The MicoSD slot is spring loaded, it works fine.

The GBA and Rumble cards fit perfectly flush with the GBA slot on the DS Lite unlike the very slight over hang the EZ 3in1 Pak has. The outside coat isn't glossy like the DS Lite but it still looks good when inserted.

The DS boots straight to the DSTT menu where you can select a game to play rather than to the normal DS menu. The interface isn't the prettiest thing around with the gray steel-like menu. However the card is easily skinnable as you just have to replace a few BMP files to create your own skins (I'm working on a GBAtemp theme at the moment). 
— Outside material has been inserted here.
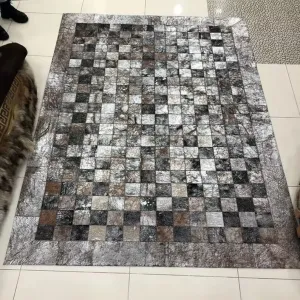 Genuine Leather Cowhide Patchwork Rug – Unique Design Handmade Cowhide Area Rug – Non Slip Rug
There is a lot of information on the top screen when selecting a game, like name, size, save time, gamecode and the game icon. It's great to see the gamecode displayed along with the time for when the game was last saved.

On the bottom screen is a list of all the games on the card it's easily scrollable with either the touchscreen or d-pad. Pressing the + sign icon next to a game will bring you to some options which are saved for the game such as DMA mode, Softreset and Cheat, each with an on/off button. If you click the cheat bar you will get a list of cheats for the game you can enable on or off.

Going into system options you have the ability to enable soft reset on as default for all the games, start passme mode, start GBA mode, power off the system and toggle the brightness level.

The DSTT saves the save file of games directly to your microsd when you save in-game rather than to a battery. This means you will never loose saves from a battery running dry and also you won't have to wait for the previous save to be copied to the microsd when loading another game. This makes the DSTT menu speedy and easy to use.

*FAQ:*

*How's the soft reset?*

It runs perfectly for all the games I've tried. Hit L+R+A+B+X+Y to reset directly back to the DSTT menu. It's very quick.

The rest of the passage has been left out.